家庭をじわりと圧迫する水道料金の値上げ。そこで今すぐできる節水アイデアを、ファイナンシャルプランナーの阿部亮子さんに教えてもらった。
「水のムダ遣いは見落としが結構あるので、コストカットの余地はたくさんあります。年間3万円減も不可能ではありません!」
まずは家庭での水の使われ方をチェックしてみるとーー。
「もっとも水を使っているのが全体の40%を占めるお風呂。次に多いのがトイレで、21%。そして食器洗いなど炊事に使われる分が18%、洗濯が15%と続きます。そのほかは6%ほどです」
バスタイムを意識することが、節水の第一歩。とくに夏場はシャワーの回数が増え、水道代が跳ね上がるので、ここを頑張れば節水効果大!(以下、4人家族の平均使用量をもとに1リットルあたり0.24円で計算。それぞれの項目で節水できる使用量を算出し節約額を計算している)
【1】「半身浴」は節約効果大
「肩までつからず、胸下までぬるま湯をためる『半身浴』は美容効果だけでなく節約効果も大。週2回実践するだけで、年間約920円の節約に」
【2】水が温水に変わるまでバケツにためる
シャワーを使うとき、お湯に変わるまで流しっぱなしにしている人も多いが「その水を風呂掃除に使えばムダがありません。30秒で年間約520円の節約に」。
【3】風呂の残り湯は洗濯に使い回す
「よくある方法ですが、残り湯を使うだけで、洗濯の水をまかなえます。年間7,780円が浮くのは大きい!」
【4】洗い物を洗濯機の八分目まで入れるのがトク
効率よく水が循環するのは、洗濯機が洗濯槽の八分目とか。「それ以上の量だと逆に水を多く使ってしまうので、洗濯物はまとめて洗いましょう」。さらに、すすぎ1回にすれば効果大で「年間約5,250円の節約ができます」。

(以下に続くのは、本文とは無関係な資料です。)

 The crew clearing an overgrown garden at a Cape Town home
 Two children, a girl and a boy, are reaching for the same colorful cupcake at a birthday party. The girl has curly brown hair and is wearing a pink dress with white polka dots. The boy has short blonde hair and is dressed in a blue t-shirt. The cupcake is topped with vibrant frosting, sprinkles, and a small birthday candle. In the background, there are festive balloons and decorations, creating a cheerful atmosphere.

【5】洗剤がほとんどいらない「アクリルたわし」を活用
「『アクリルたわし』は細い繊維が、汚れを取り込んで落とします。軽い汚れなら洗剤なしでもOK」
【6】流しっぱなしをやめて“ためすすぎ”をする
食器をすすぐときは、洗いおけに水をため、洗剤を流す。仕上げに流水でサッとすすぐ方法を。毎回やるのは少し大変だが「年間1万560円も節約できるんです」。
【7】ミスが少なくてすむ圧力鍋を活用しよう
圧力鍋をフル活用しているという阿部さん。水を使わないレシピも節水のコツで、「野菜から出る水分だけで調理ができて余分な水が不要になりますよ」。
【8】消音目的の2度流しは厳禁!
「流すのは、なるべく1回で。1年間で約700円のムダになっていますよ」
【9】歯みがきは水を流しっぱなしにしない
「歯を磨いているときに水の流しっぱなしをやめるだけで年間864円の節約に。すぐ見直せるので、実践を!」
【10】洗車はホースの流し洗いよりバケツで
ホースの流し洗いをやめてバケツを使えば、1回の洗車でふだんの3分の1の量ですむため「月2回の洗車なら年間約340円の節約!」。
家計をラクにする節水術を今日から実践してみよう。